[[ Extracted material, beginning ]]

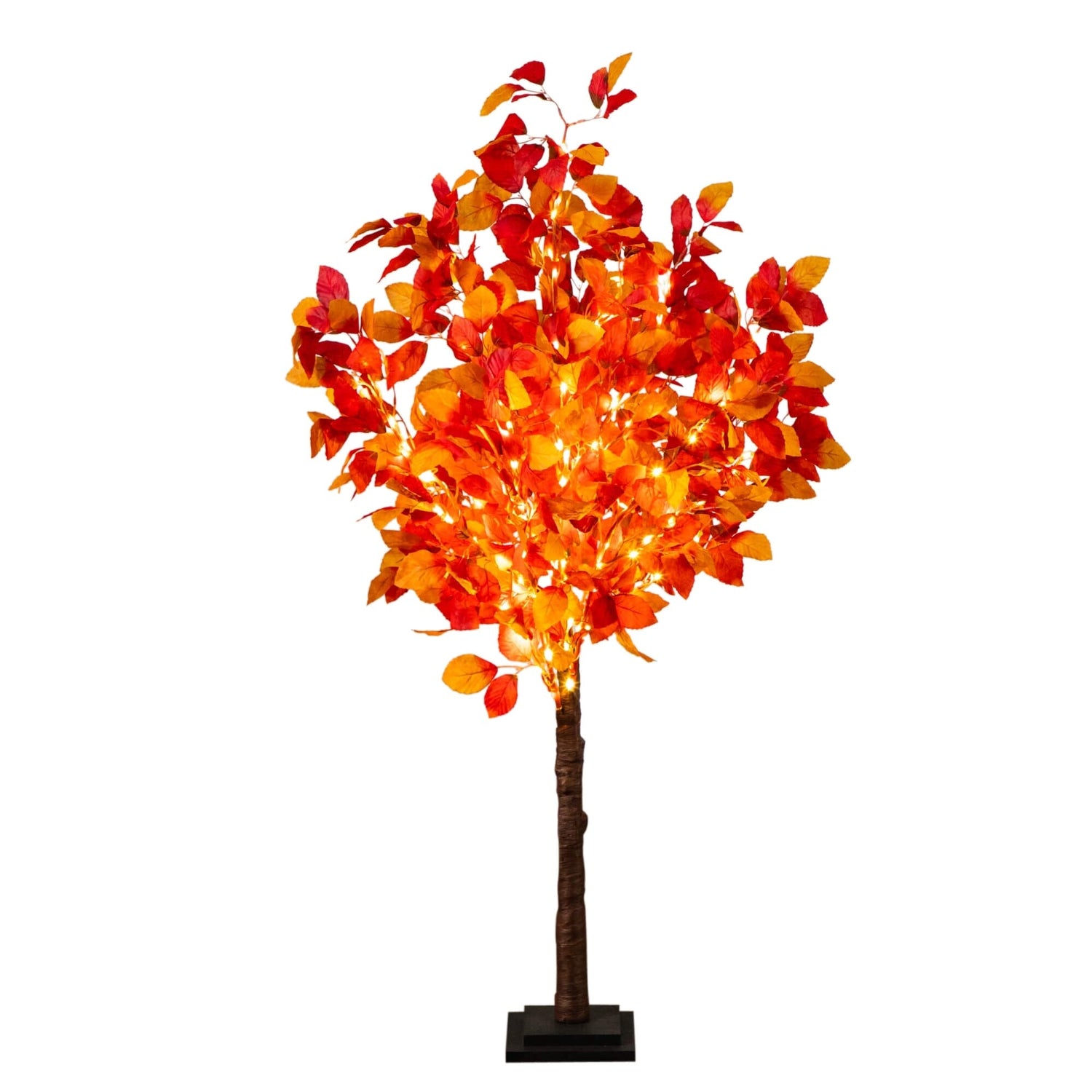 4' Pre-Lit Autumn Artificial Fall Tree with 160 Warm White LED Lights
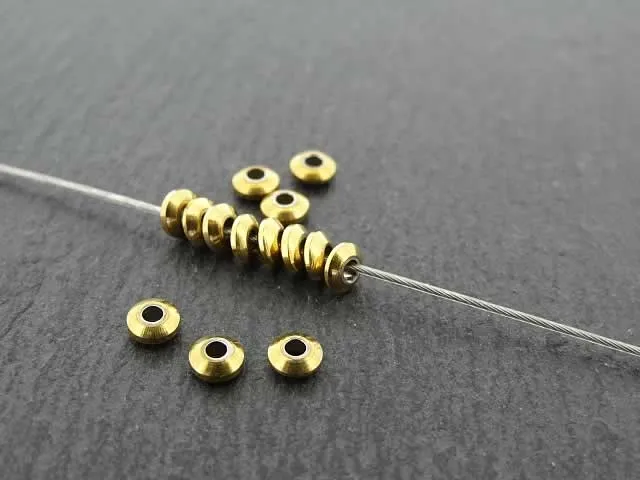 Heishi Stainless Steel Bead, Color: gold plated, Size: ±1.5x4mm, Qty: 6 pc.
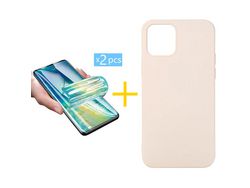 Pack 2 Películas + Capa SKYHE para iPhone 13 Pro Max Silicone Líquido Rosa-Creme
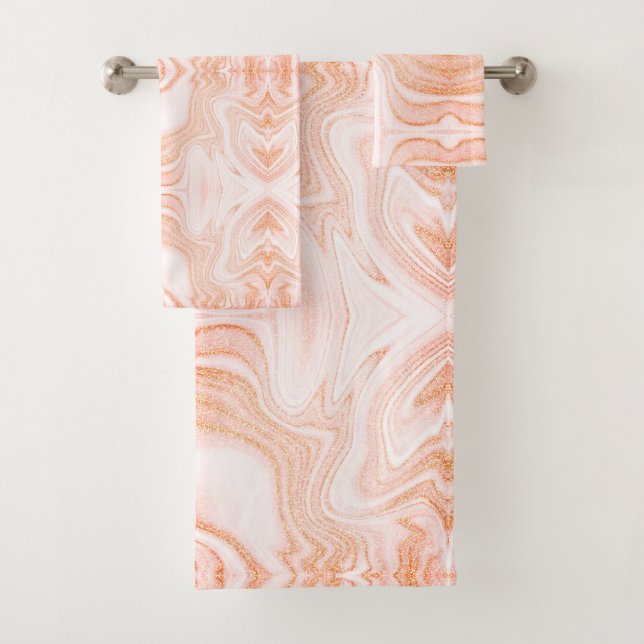 Moderne, orangefarbene Imitat mit Marmorstruktur Badhandtuch Set (Insitu)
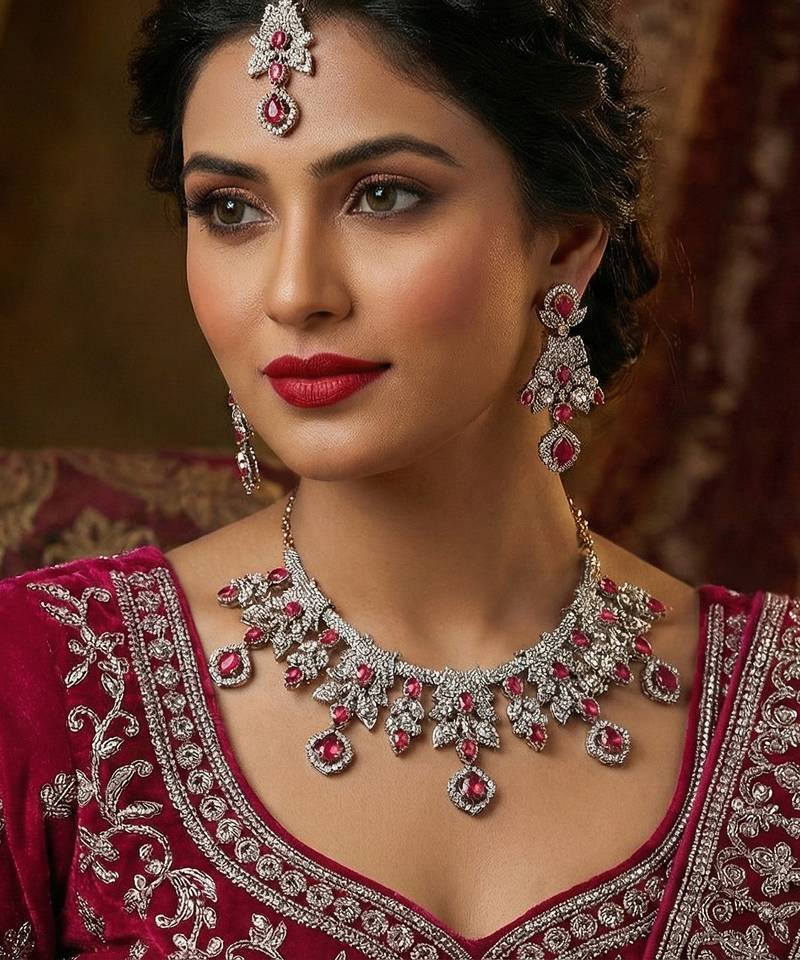 Pink yellow gold premium designer american diamond and stone work necklace set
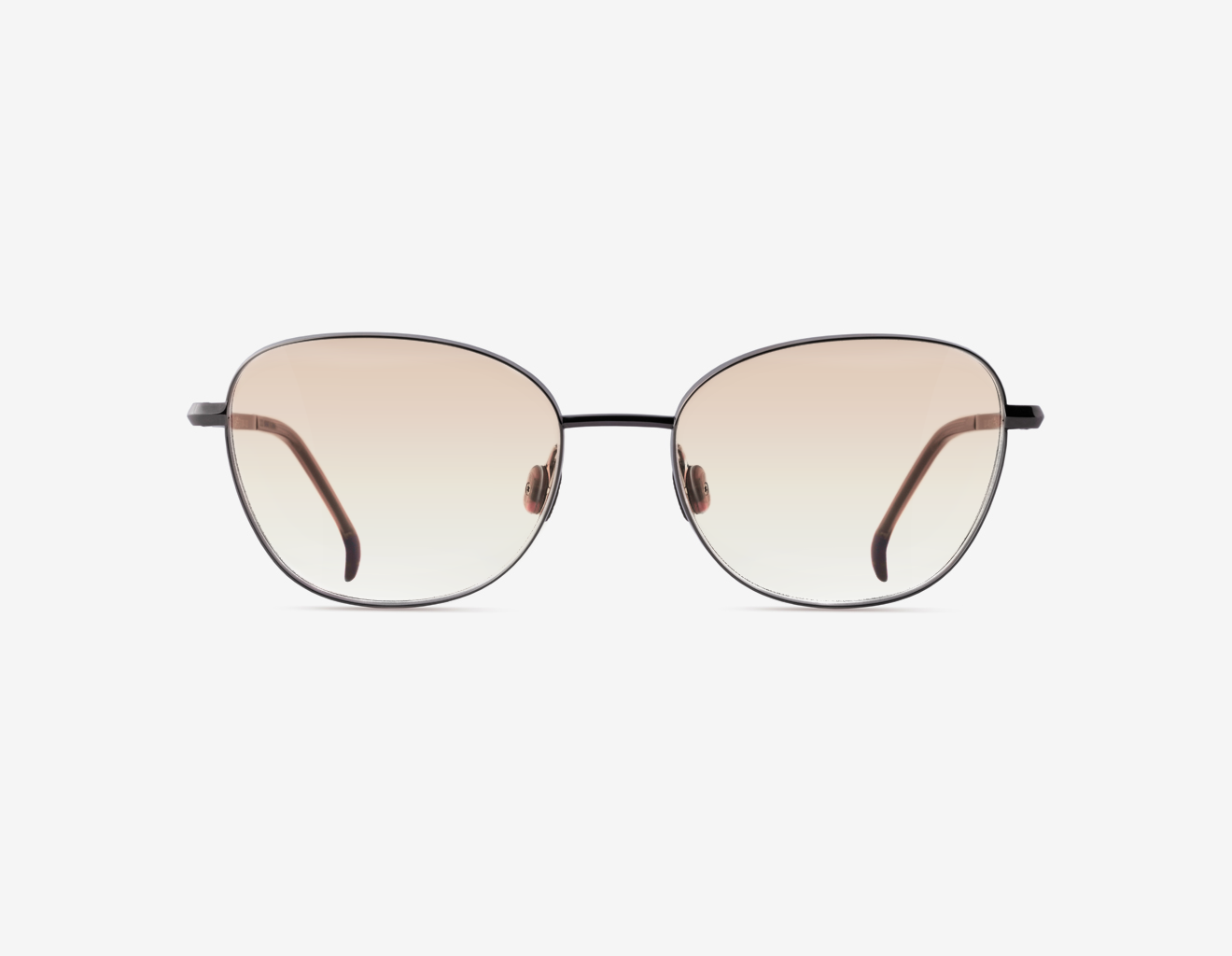 Luxury Japanese eyewear – Tennessa Hematite red carpet frame, acetate in Muted Mocca, polyamide Golden Dusk tinted lenses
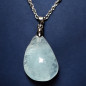 Pendentif Aigue marine goutte sur chaîne
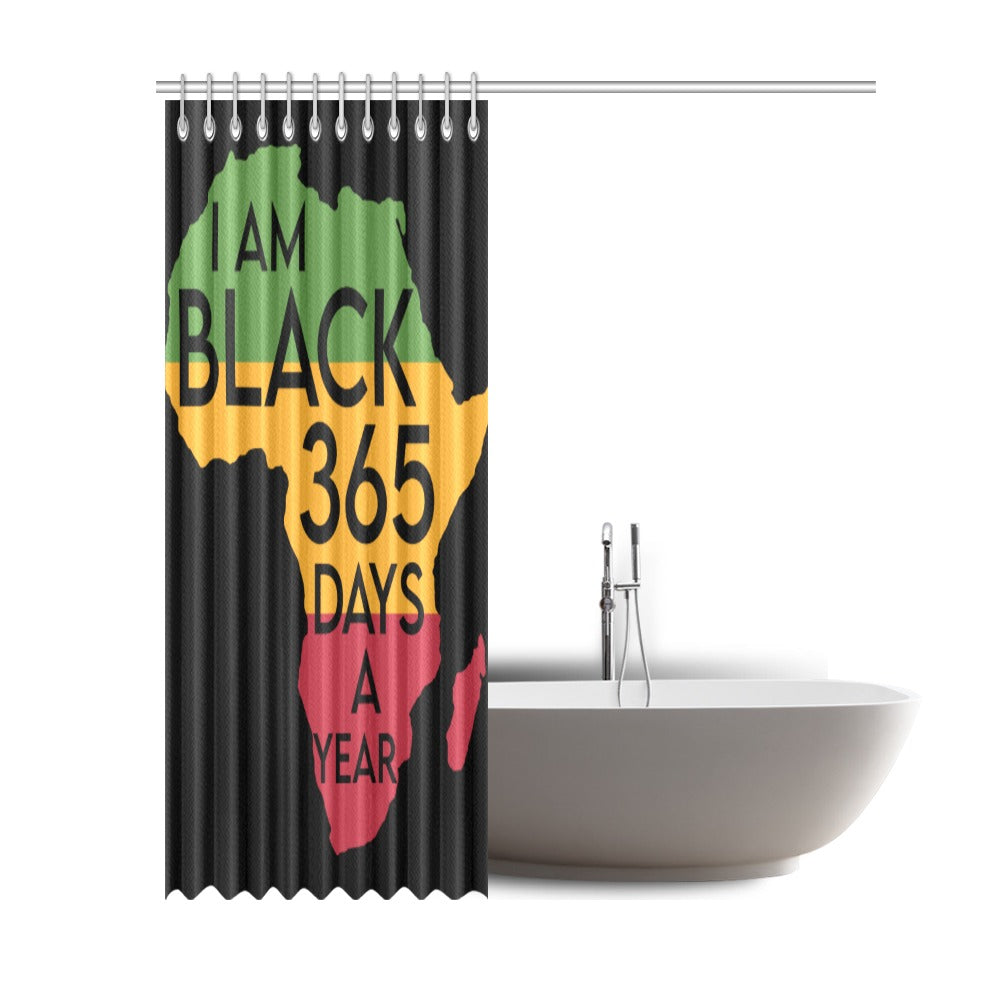Black-365-Days-A-Year-Black-History Shower Curtain 69"x84"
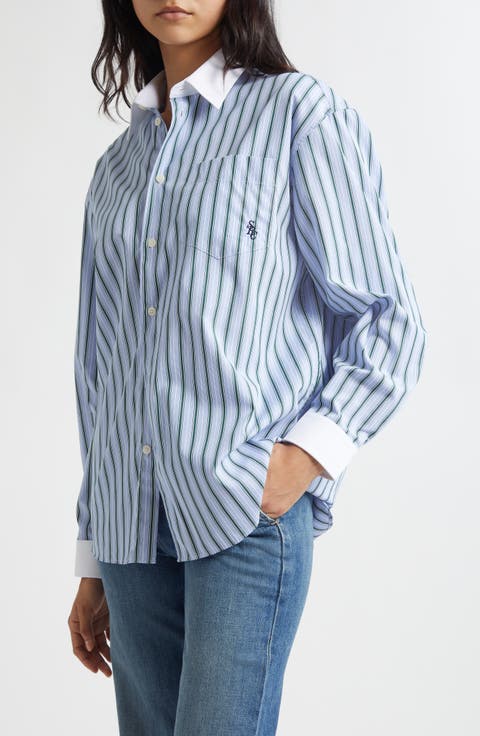 SRC Stripe Oversize Cotton Poplin Button-Up Shirt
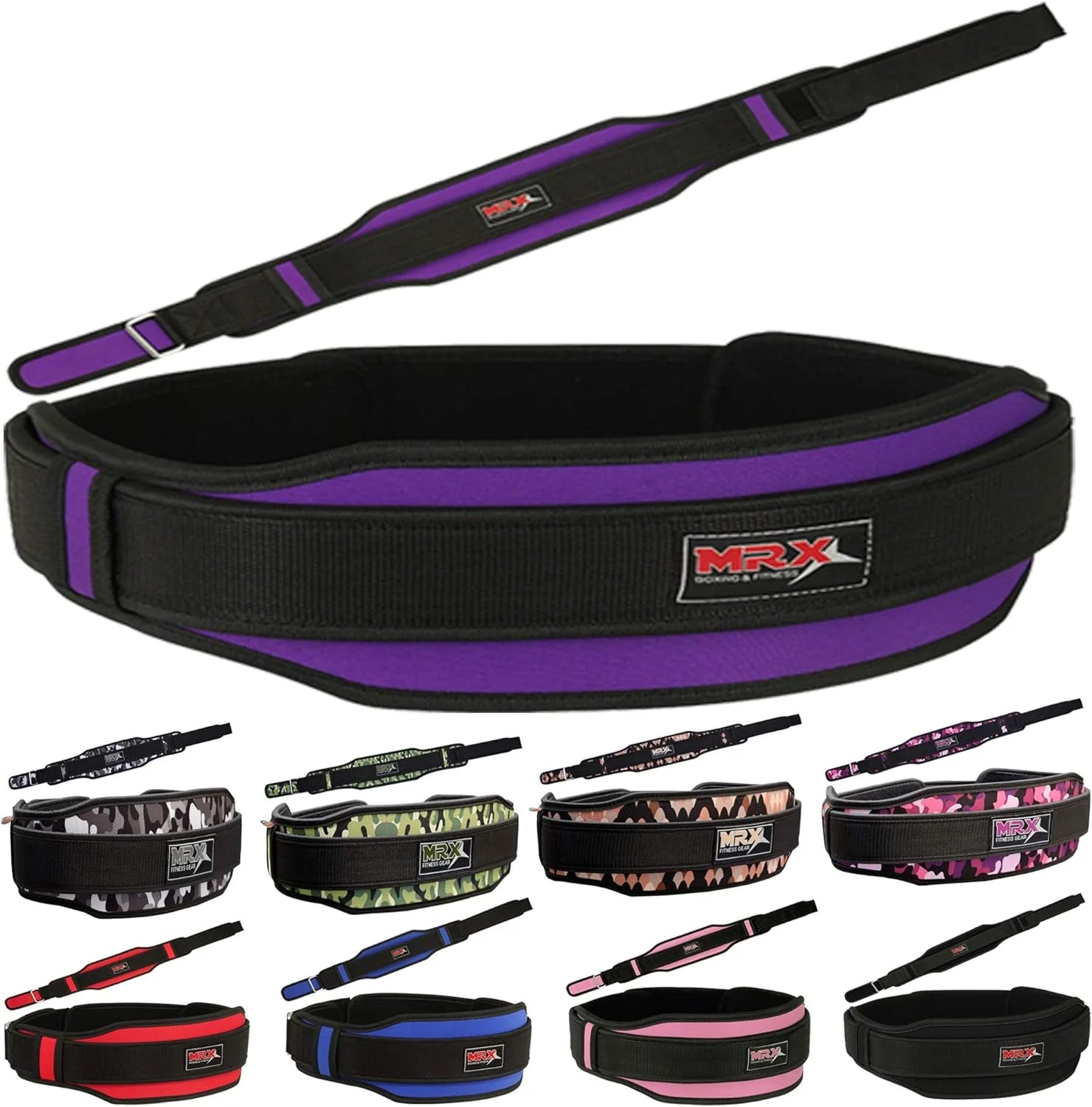 Weight Lifting Belt with Double Back Support Gym Training Purple XL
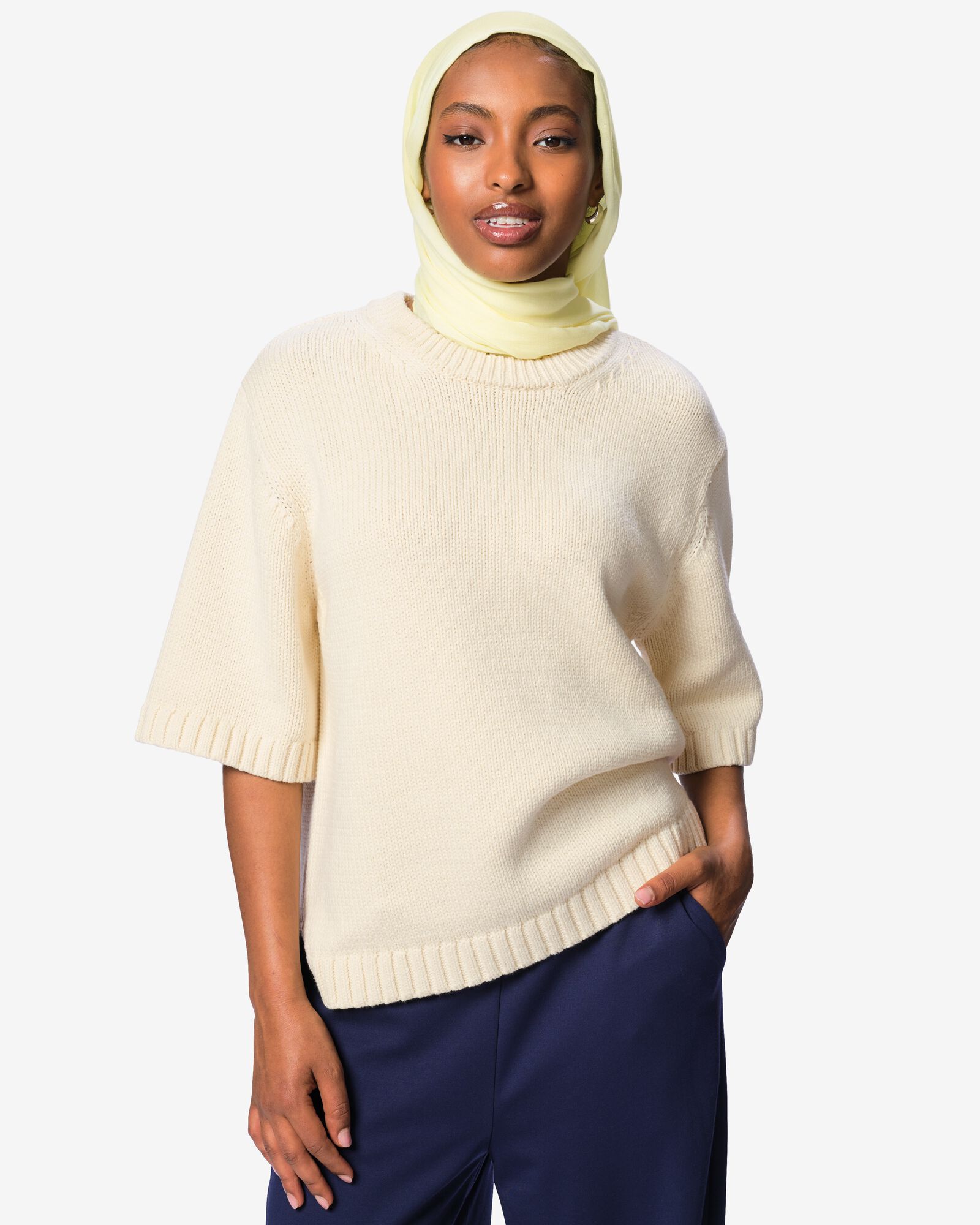 damestrui Nadine fijngebreid gebroken wit gebroken wit - 36213050OFFWHITE - HEMA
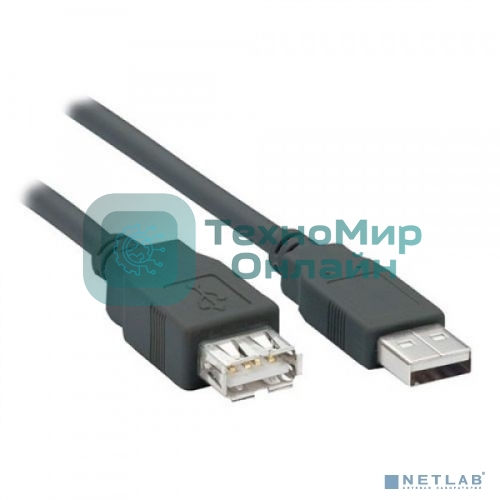 Кабель удлинитель Filum USB 2.0, 1 м., серый, разъемы: USB A male-USB A female, пакет. (FL-C-U2-AM-AF-1M)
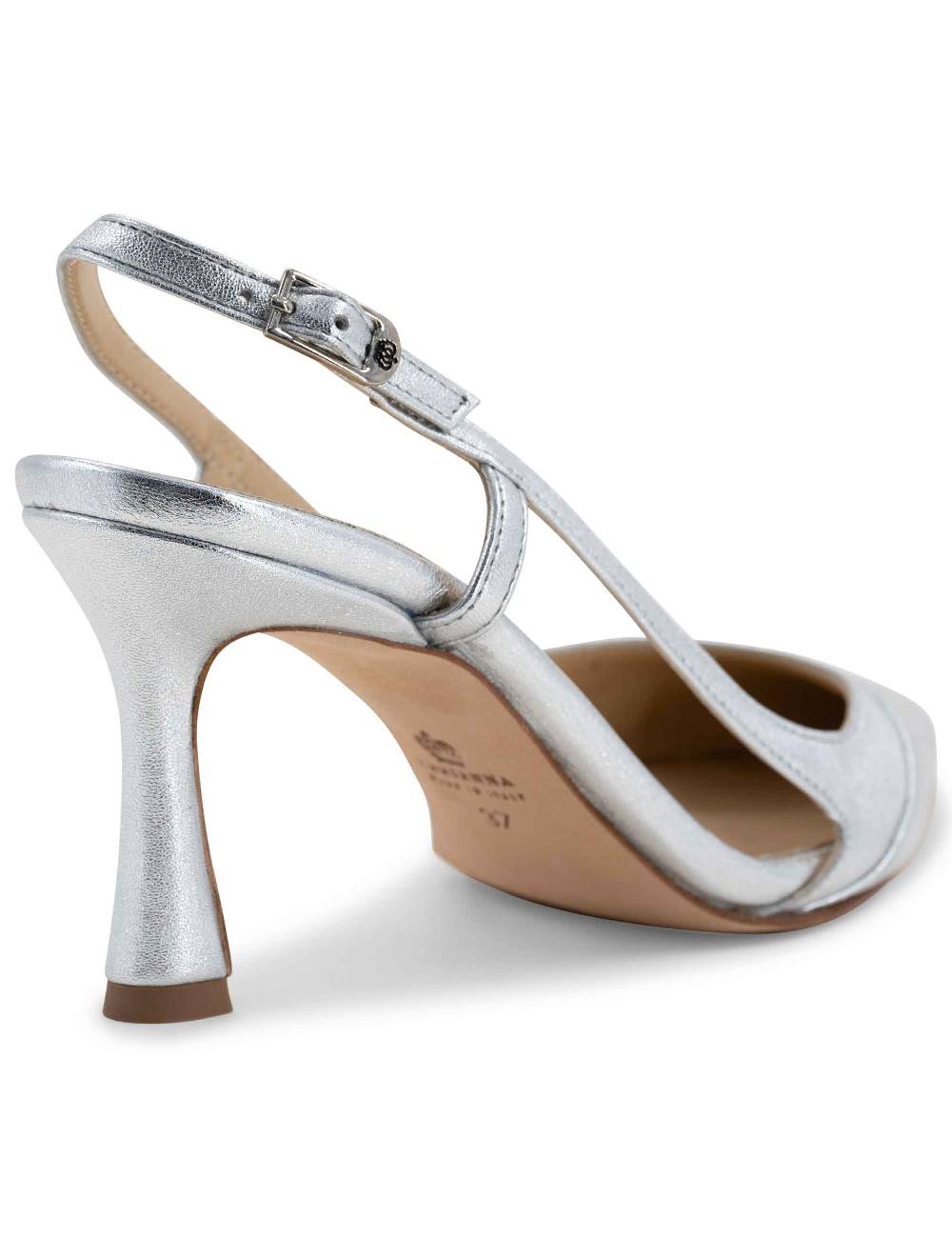 L'ARIANNA Decollete Slingback Ch1605/rt Donna In Pelle Lamin Argento Con Tacco Alto L'arianna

[[ Extracted material, end ]]

### What you need to do:
Each line from the one with "Moderne, orangefarbene Imitat" to the end of the material needs to be output word for word, with no picture included.

### Solved exercise:
 Moderne, orangefarbene Imitat mit Marmorstruktur Badhandtuch Set (Insitu)
 Pink yellow gold premium designer american diamond and stone work necklace set
 Luxury Japanese eyewear – Tennessa Hematite red carpet frame, acetate in Muted Mocca, polyamide Golden Dusk tinted lenses
 Pendentif Aigue marine goutte sur chaîne
Black-365-Days-A-Year-Black-History Shower Curtain 69"x84"
 SRC Stripe Oversize Cotton Poplin Button-Up Shirt
 Weight Lifting Belt with Double Back Support Gym Training Purple XL
 damestrui Nadine fijngebreid gebroken wit gebroken wit - 36213050OFFWHITE - HEMA
 Кабель удлинитель Filum USB 2.0, 1 м., серый, разъемы: USB A male-USB A female, пакет. (FL-C-U2-AM-AF-1M)
 L'ARIANNA Decollete Slingback Ch1605/rt Donna In Pelle Lamin Argento Con Tacco Alto L'arianna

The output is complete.